On June 3rd, Center Director Andrew Allen gave a talk on methods for analyzing secondary phenotypes in case-control genetic association studies at the SAGES Symposium. This was an opportunity to represent StatGen and Duke’s statistical genetics community at a large, regional conference alongside the discipline’s top researchers.
SAGES brings together an interdisciplinary group of scientists working in the fields of genomics, epidemiology, and statistics. Advances in technology and decreases in the associated costs are driving progress in genomic studies. Studies of whole exome and genome sequences of complex traits in large samples are becoming increasingly common. Other sources of high dimensional information, including expression, epigenetic, metabolic and microbiomic data, are also being collected in disease and control samples. To fully understand the complex bases of human disease and trait variation, all of these factors should be properly considered in a unified analytical framework, together with epidemiological data on environmental exposures and other risk factors.

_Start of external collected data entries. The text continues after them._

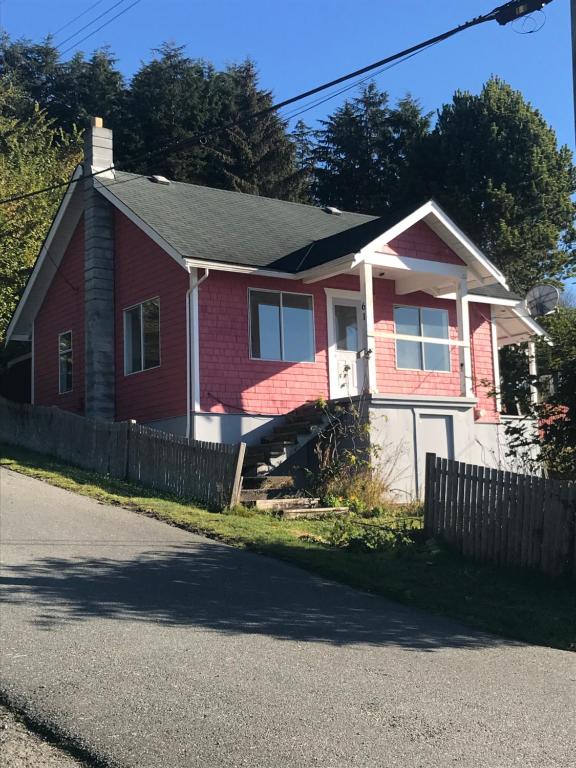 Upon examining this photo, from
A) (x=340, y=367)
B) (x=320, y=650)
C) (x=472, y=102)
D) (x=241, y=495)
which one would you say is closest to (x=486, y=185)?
(x=472, y=102)

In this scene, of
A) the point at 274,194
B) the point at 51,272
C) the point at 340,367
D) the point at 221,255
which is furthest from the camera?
the point at 274,194

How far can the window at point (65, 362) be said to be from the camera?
74.1 ft

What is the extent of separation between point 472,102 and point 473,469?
3266 cm

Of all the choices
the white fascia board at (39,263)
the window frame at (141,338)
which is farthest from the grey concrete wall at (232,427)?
the white fascia board at (39,263)

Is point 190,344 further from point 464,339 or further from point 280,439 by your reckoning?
point 464,339

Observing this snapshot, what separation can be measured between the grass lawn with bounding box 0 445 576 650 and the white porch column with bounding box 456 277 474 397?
5341mm

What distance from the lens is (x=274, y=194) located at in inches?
1763

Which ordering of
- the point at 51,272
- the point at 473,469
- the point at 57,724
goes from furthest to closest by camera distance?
the point at 51,272, the point at 473,469, the point at 57,724

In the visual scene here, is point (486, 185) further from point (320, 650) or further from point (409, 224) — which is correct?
point (320, 650)

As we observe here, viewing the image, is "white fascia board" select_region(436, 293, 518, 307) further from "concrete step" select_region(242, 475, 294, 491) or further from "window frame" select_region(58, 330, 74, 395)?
"window frame" select_region(58, 330, 74, 395)

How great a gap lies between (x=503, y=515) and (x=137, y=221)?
11.4 meters

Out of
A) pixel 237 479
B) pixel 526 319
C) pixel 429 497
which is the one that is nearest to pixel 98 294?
pixel 237 479

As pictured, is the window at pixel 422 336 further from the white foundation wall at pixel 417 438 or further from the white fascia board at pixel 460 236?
the white foundation wall at pixel 417 438

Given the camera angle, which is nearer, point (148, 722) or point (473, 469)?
point (148, 722) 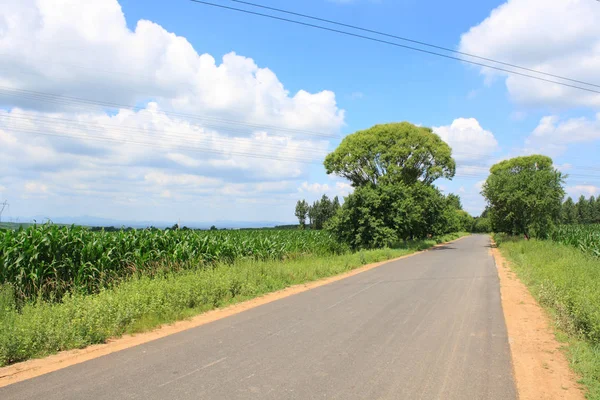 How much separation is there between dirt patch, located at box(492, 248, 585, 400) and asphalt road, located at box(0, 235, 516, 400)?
0.19m

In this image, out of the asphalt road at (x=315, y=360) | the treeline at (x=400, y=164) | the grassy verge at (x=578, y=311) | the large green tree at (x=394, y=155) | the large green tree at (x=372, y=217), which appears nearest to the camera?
the asphalt road at (x=315, y=360)

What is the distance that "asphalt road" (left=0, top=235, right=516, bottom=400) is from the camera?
4.62 m

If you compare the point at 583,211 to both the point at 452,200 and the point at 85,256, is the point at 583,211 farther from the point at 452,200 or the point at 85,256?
the point at 85,256

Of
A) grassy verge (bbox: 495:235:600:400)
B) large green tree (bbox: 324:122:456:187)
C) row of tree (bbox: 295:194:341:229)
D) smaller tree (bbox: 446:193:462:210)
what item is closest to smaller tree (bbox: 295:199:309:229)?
row of tree (bbox: 295:194:341:229)

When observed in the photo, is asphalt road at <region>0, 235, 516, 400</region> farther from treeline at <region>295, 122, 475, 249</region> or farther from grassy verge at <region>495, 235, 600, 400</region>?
treeline at <region>295, 122, 475, 249</region>

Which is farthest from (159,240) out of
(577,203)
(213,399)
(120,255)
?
(577,203)

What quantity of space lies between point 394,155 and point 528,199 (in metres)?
12.1

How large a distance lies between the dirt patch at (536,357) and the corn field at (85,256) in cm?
975

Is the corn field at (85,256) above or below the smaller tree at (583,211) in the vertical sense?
below

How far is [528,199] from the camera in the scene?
3266 centimetres

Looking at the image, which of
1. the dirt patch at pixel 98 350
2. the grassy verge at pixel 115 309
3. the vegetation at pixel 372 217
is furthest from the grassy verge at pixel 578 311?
the vegetation at pixel 372 217

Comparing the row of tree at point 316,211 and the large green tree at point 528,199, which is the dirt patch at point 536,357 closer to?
the large green tree at point 528,199

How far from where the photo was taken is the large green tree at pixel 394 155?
36.7 metres

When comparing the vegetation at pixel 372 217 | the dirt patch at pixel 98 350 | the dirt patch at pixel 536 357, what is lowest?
the dirt patch at pixel 536 357
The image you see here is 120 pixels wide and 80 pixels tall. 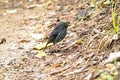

Allen’s discussion began with a review of case-control studies with two separate samples, cases with the disease and controls without the disease. As measuring exposures is expensive, an oversampling of cases was allowed to minimize the number of exposures that needed to be assessed. While this is an economical approach for assessing associations between genetic exposures and disease, it does not constitute a random sample from the general population. If this isn’t taken into account during the analysis, it can leave to a biased association. Previous studies utilized weighted regression models and also a rare disease model assuming a binary secondary phenotype. Allen’s approach, utilized inverse probability weighted estimating equations from restricted moment model framework which is computationally efficient and, as a result, can be applied genome-wide.
The methodology is further described in a recent article, Robust analysis of secondary phenotypes in case-control genetic association studies, published online on May 30 in Statistics in Medicine. In addition to Allen, authors include lead author, Chuanhua Xing; Janice McCarthy; Josée Dupuis; L. Adrienne Cupples; James B. Meigs; and Xihong Lin. This research is supported by NIH grants: R01DK078616 and R01MH084680.
The symposium was held at the Center for Genetics and Complex Traits (CGACT) of the Perelman School of Medicine at the University of Pennsylvania. The forum provides an opportunity for scientists at all levels in their career to convene and review new developments in these areas of research. The symposium also facilitates exchange of ideas, interactions and collaborations among participants.